He is an author of many monographs and research articles
devoted to the game of Go and also organized the
International Go Symposium 2012
in the USA. Currently, he is working on a full-scale study of the Archaic
Greek games of Polis and Pente Grammai. He plays Go with the strength
of a USA 1-dan.
Highly praised introductory books devoted to game of Go:
He was the first to apply the methods of Structural Anthropology to the
evolution and history of Go in China.
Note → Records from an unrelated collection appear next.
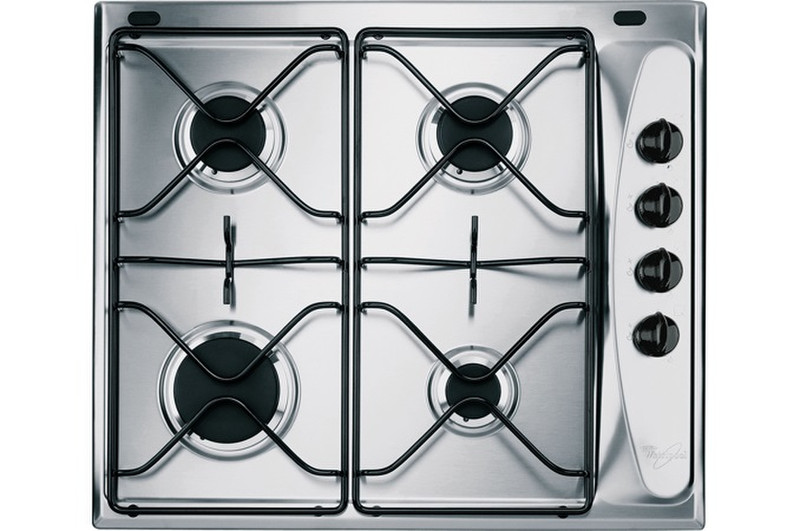 Whirlpool AKM 260 IX built-in Gas White hob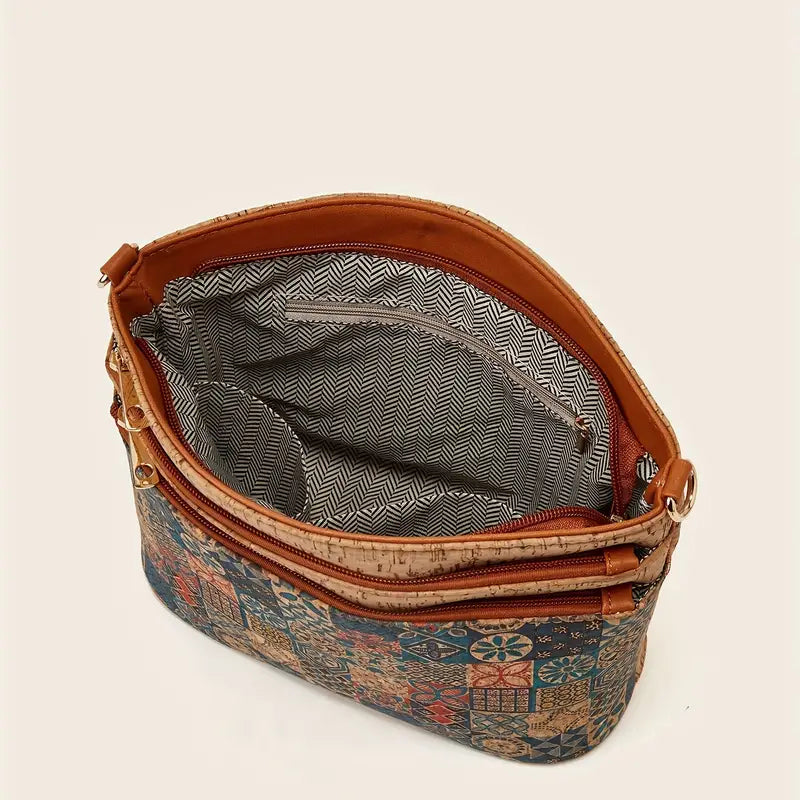 Selmira-Tasche Im Ethno-Stil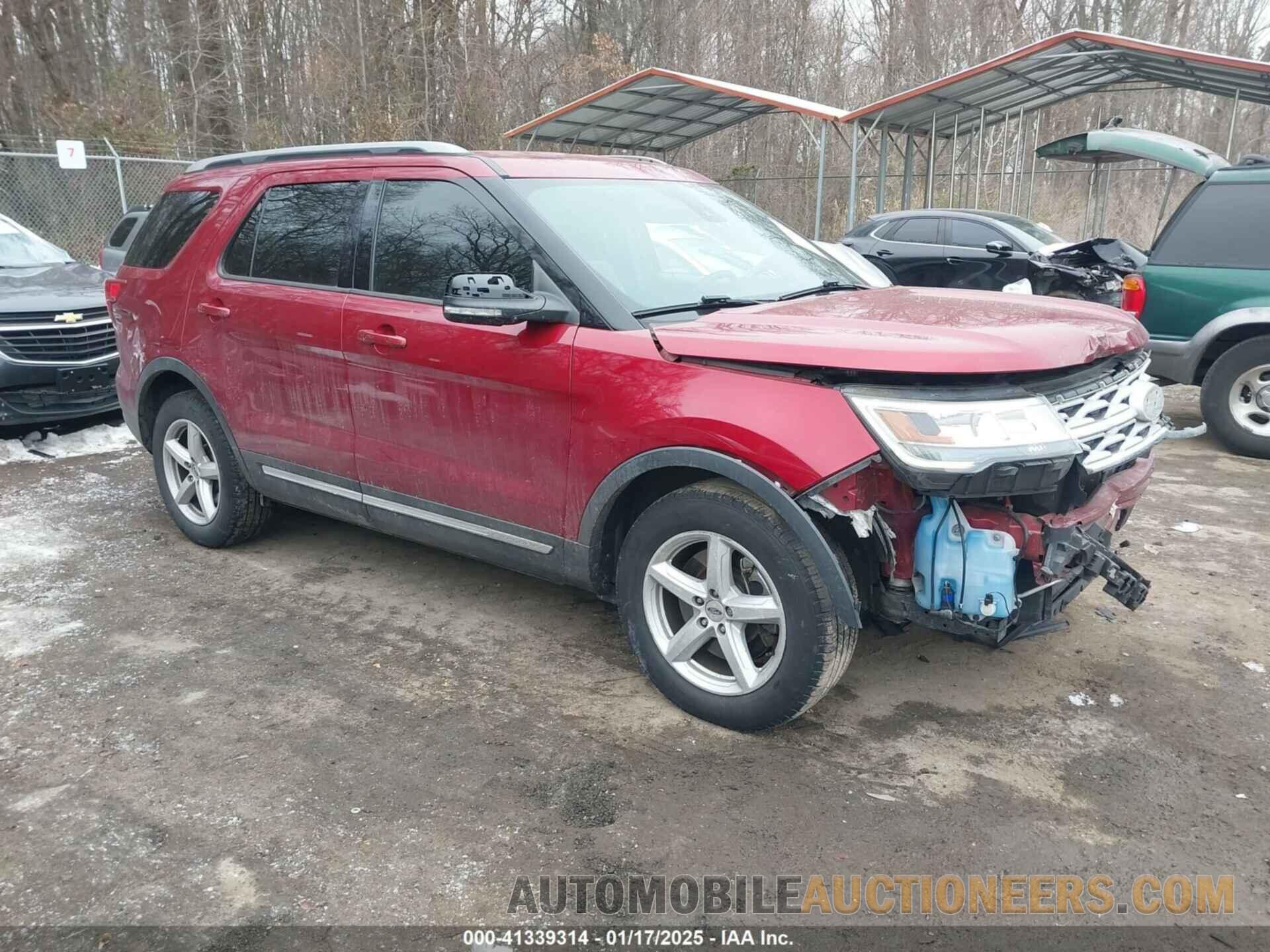 1FM5K7D84KGA95189 FORD EXPLORER 2019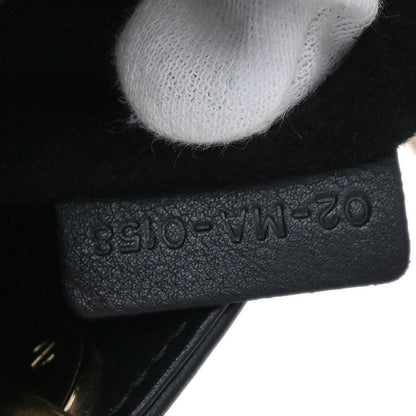 Christian Dior Black Small Lady Dior Playing Cards 2way Shoulder Handbag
Some of his results include:
The first definitive dating of the earliest comments on the game and
why Sun Tzu and the early Daoist School of Strategy never commented on it.
The first accurate accounting of the Yao origin myths that lines them up
with other literary changes the Han dynasty made for political purposes.
The only full account of Go in Tibet along with a related topic involving
the possible passage from ancient Greece and Rome via Bactria of a
custodial capture game played on Go-like boards.
The first study of how differences in language may be able to answer
questions about why the East plays Go and the West plays Chess.
A preliminary talk was given at the
American Go Association Congress Symposium 2012
and the final version was presented at the 2014 Chinese Weiqi Association
Go History Conference in Hangzhou, China.
These and his many other articles are available in the Culture Section of the
e-Library of the American Go Association
and in “Go! More Than a Game.”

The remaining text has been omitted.